上達の指南

小松英樹九段の「模様を楽しもう」

(3)急所を見極め 立体的に

(寄稿連載 2017/10/03読売新聞掲載)

 お互いに模様ができて、打ちたいポイントがたくさんある碁では、優先順位に悩むことになるでしょう。できることなら、自分の模様を広げながら相手の模様は小さくなるような急所を見極めたいもの。模様は平面的なままより、立体的に膨らんでこそ価値が高まります。

 【テーマ図】白番です。白は上辺と下辺に模様ができています。黒は右辺と左辺が模様です。互いに二つずつ模様がありますが、急所は一つ。数手先まで想定して方向を決めてください。

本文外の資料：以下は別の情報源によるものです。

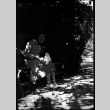 Woman sitting on bench feeding birds (ddr-densho-426-1905)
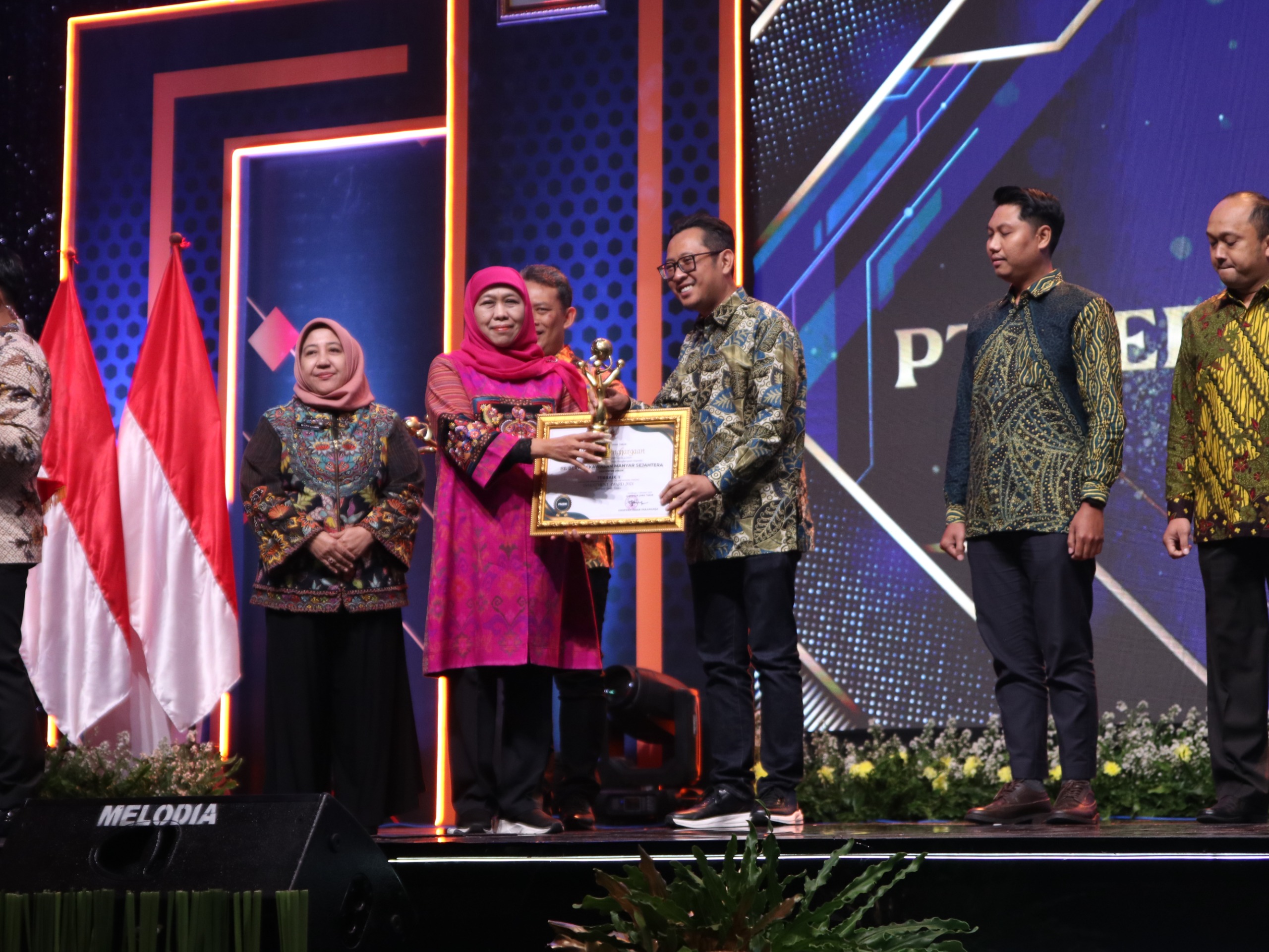 Gubernur Khofifah menyerahkan penghargaan invesment award kepada Direktur Keuangan PT BKMS, Ifan Johar Kuswahyudi.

 【1図】白1のケイマが互いの模様の接点です。黒2と受ければ利かしで、上辺の白模様を広げながら左辺の黒模様の拡大を制限する理想的な展開です。次いで白3に打ち込んで右辺の黒模様を荒らせば主導権を握ることができるでしょう。あるいは白Aの飛びで上辺をさらに広げるのも好点です。

 【2図】白1の打ち込みを急ぐのは方向を誤りました。黒2の押さえが急所で、ここが肝心なラインでした。白3、5とはね伸びて受けるくらいですが、上辺の白の広がりが制限されてしまいます。黒10まで左辺の黒模様は目いっぱいに膨らんでいます。模様の接点は出入りの大きい急所なのです。

 【3図】白1には、黒2の大ゲイマから模様の拡大を止めるのが急がれます。しかし、白3のツケで左辺の黒模様を消せば白は満足です。模様の碁では、白1のような分かりやすい手が好手になることが多いことを、覚えておいてください。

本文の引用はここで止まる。